Мне трудно хотя бы просто назвать места, куда меня приводили задания, любознательность, стремление больше видеть, не упустить интересных знакомств.
Однажды нахально втиснулся в самолет, на котором начальник Главсевморпути Отто Юльевич Шмидт в сопровождении ответственных товарищей совершал облет Енисея.
Мы взлетали с воды и садились на воду. На стоянках сопровождающие лица испепеляли меня взглядами, когда я, действуя локтями, протискивался ближе к своему кумиру. Большой портрет Шмидта, выпущенный после челюскинской эпопеи, висел у меня дома в инкрустированной медью старинной раме. Второй — над столом в редакции. Теперь я видел ученого близко, рядом.
Меня поразили его светлые глаза — на портрете они представлялись темными, «пронзительными», — его мягкость, деликатность в разговорах с хозяйственниками. Тогда начальство обычно круто «распекало» подчиненных. Шмидт только сжимал в кулак знаменитую бороду, да на его бледном лице, которое почему-то не брал полярный загар, появлялись красные пятна…
Две навигации я провел на грузовом теплоходе, считался членом команды. Судно ходило в экспедиционные рейсы. Один длился несколько месяцев. Мы прошли весь Нижний Енисей, часть Карского моря и по реке Пясине пересекли Таймыр. Рассказ об этом походе читатель найдет дальше.
Другие были на «дикие притоки» — так в тридцатых годах называли Подкаменную и Нижнюю Тунгуску. Там не существовало регулярного судоходства. Обе изобиловали порогами. Крупное судно — а теплоход «Красноярский рабочий» был именно таким — могло с риском проскочить их только в половодье.
На Подкаменной Тунгуске мы останавливались возле устланных медвежьими шкурами шалашей кетов — загадочного северного народа, о языке и происхождении которого написаны десятки научных трудов. Грузы каравана возле кипящего Большого порога были переданы илимкам — легким деревянным суденышкам. Илимка идет под парусом, а если ветер встречный, ее тянут бурлаки.
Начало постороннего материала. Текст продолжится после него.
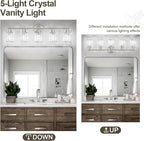 Crystal Bathroom Light Fixtures, Bathroom Lighting Fixtures Over Mirror - Image 5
Да, да, самые настоящие бурлаки, только в здешних местах их называли лямщиками! На Волге лямки давно в музеях, а здесь — в бурлацкой тяге. Делали их из распаренной бересты. Мы с помощником капитана выпросили у бурлаков парочку, чтобы вместе с докладом послать в Москву, в Главсевморпуть: товарищи, ведь не XIX век. пора строить для притоков специальный флот!